VITE_WS_BASE="ws://localhost:29100" npm run dev -- --host 0.0.0.0 --port 5173
If Git user identity is not configured for the workspace, set GIT_AUTHOR_* / GIT_COMMITTER_* so Git-based tooling does not fail.
7. Verification prompt (team workflow)
Use a strict prompt in the web UI (or equivalent channel), adapted to your environment:
[Distributed Team integration check]
You MUST run in team mode and complete the steps in order. Do not skip steps. Do not answer the math directly first.
1. Call team.build_team to create the team (leader + teammate_1).
2. Call team.create_task with title "compute 1+1" and assignee teammate_1.
3. Call team.send_message to teammate_1 asking for the result of 1+1 and one short sentence.
4. Wait until teammate_1 completes and responds.
5. Call team.view_task and confirm the task is completed (or equivalent).

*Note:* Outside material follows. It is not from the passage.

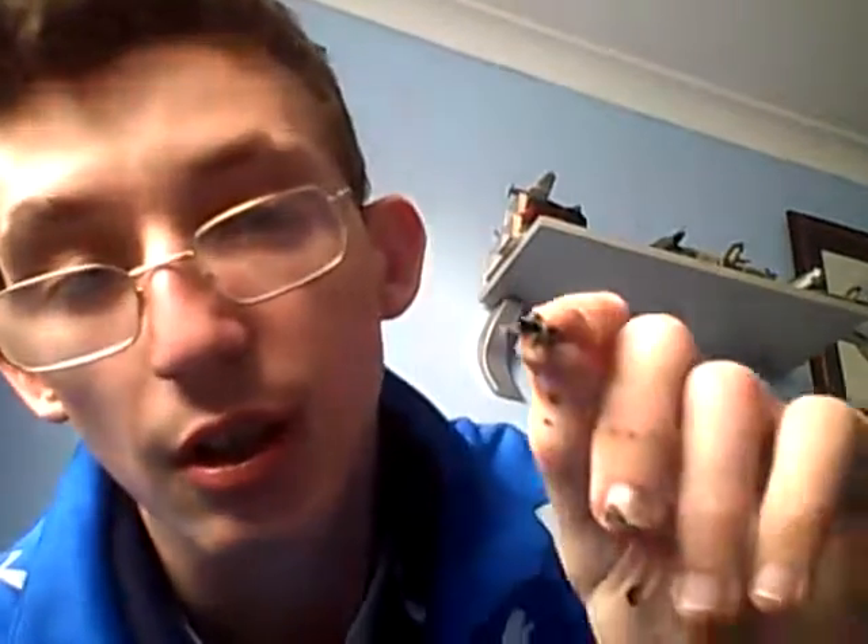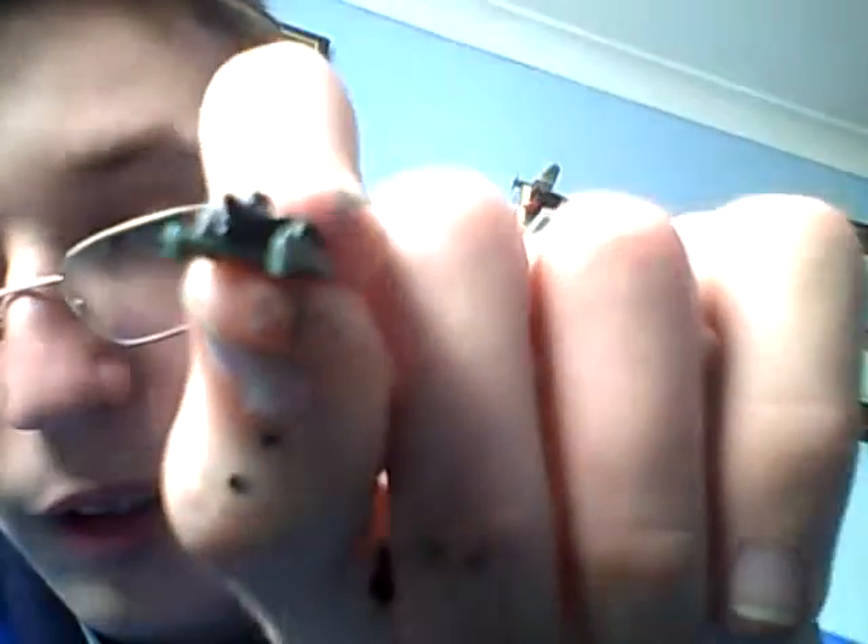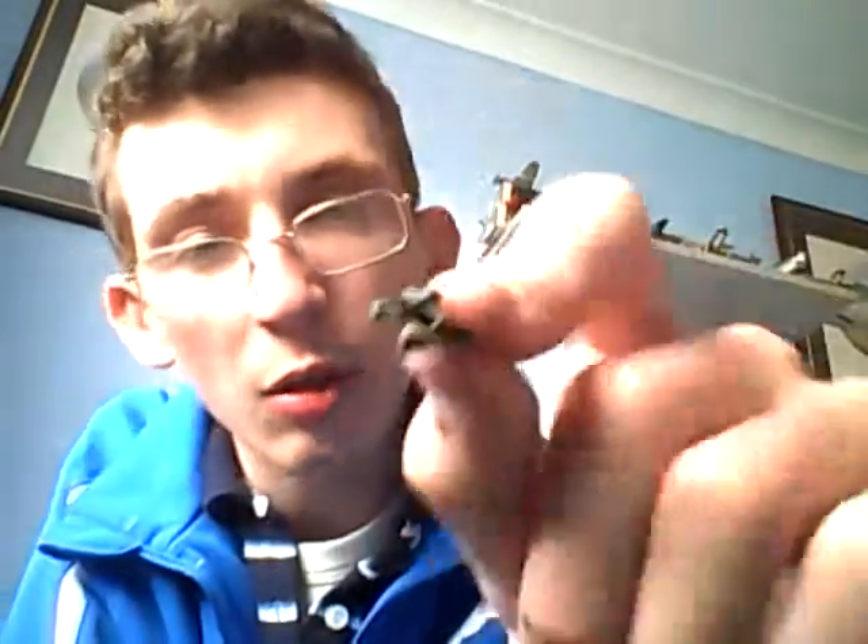This is going to be another one of my double updates — sort of like I put two products in one update. As you can see, I've also assembled this bit as well. I don't know what that bit is actually for, but I shall find out what that is.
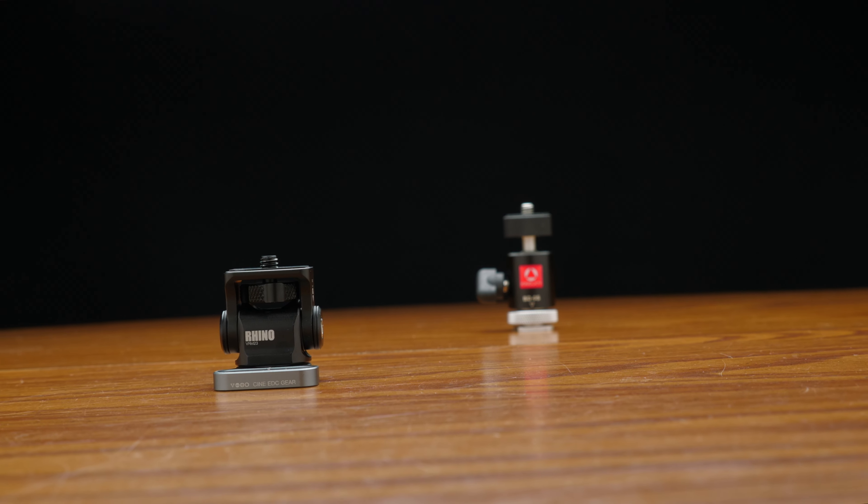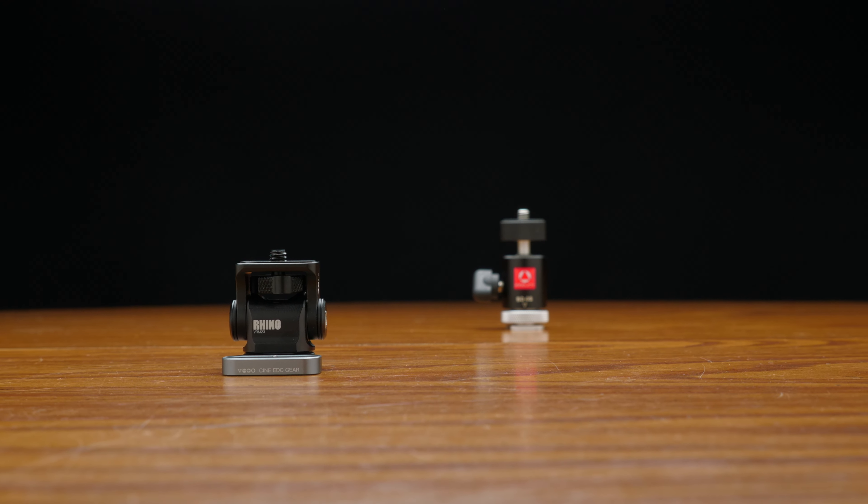This is the AniCini VRM23, an affordable but strong monitor mount. In this video, we're going to take a close look at it and see what it's all about. What's up everybody, I'm Jacob BQ and this channel is all about making better videos. I do gear reviews and test videos to help you determine what gear you need to make the videos you want to achieve.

6. Have the leader summarize the final answer.
Output format:
- STEP1: <result>
- STEP2: <result>
- STEP3: <result>
- STEP4: <result>
- STEP5: <result>
- FINAL: <final answer>
If any step fails, output FAILED_AT_STEP=<n> and the error.
Success criteria (short)
- UI receives
chat.deltaand eventuallychat.final. - Leader logs: Team creation,
team.*tool usage. - Teammate logs: participation in session and task coordination.
8. Troubleshooting
| Symptom | What to check |
|---|---|
Address already in use (tcp://0.0.0.0:18555) |
pyzmq bind port in use; free the port or change direct_port / topology ports in config. |
git commit failed ... Author identity unknown |
Export GIT_AUTHOR_* / GIT_COMMITTER_* in the startup command. |
| UI idle while backends run | Frontend must use VITE_WS_BASE (not VITE_WS_URL). |
| Teammate cannot reach leader | Firewall, or the leader address sent in bootstrap is still 127.0.0.1 on a multi-host setup. |
| Leader did not get a teammate from registry | Check registry logs for POST /api/datasets/<dataset>/reservations 200 OK; check teammate blank-agent registration succeeded. |
| Teammate can be reserved twice too early | Check teammate logs after bootstrap for teammate agent card replaced ... member_name=... / teammate registry card replace ... replaced=True; without this, the registry still sees it as blank/idle and may reserve it again after the reservation TTL expires. Also confirm the leader does not release the reservation immediately after successful bootstrap. |
| Teammate cannot bootstrap again after Team dissolve | Check teammate logs for teammate applied team destroy notification ... cleaned=True; cleaned=False or cleanup failed means the old team runtime / messager may still be partially alive. |
Address already in use (tcp://127.0.0.1:16000) |
The teammate process may still have an auxiliary TeamAgent or old dynamic runtime alive. Confirm the bootstrap helper is removed from TeamManager cache and its messager is stopped after context construction, and that dynamic runtime retargeted to a fresh direct_addr. |
Leader and teammate both have team-workspace/result.txt with different contents |
Default workspace paths are local to each process HOME, not a shared filesystem. Use a jointly visible path or return teammate results through messages/storage. |
9. Appendix: vs single-machine / inprocess Team
| Aspect | Single-machine / inprocess | Distributed (this guide) |
|---|---|---|
| Entry | Same TeamManager |
Same entry; behavior split by config |
| Transport | Mostly inprocess |
pyzmq; hosts and ports must be reachable |
| Deployment | Single process | Leader/teammate can be separate processes or hosts |
| Config | Local team block suffices |
Needs runtime + transport + shared storage agreement |
For deeper topology evolution, maintain a separate design note alongside this guide; day-to-day work follows sections 2–7.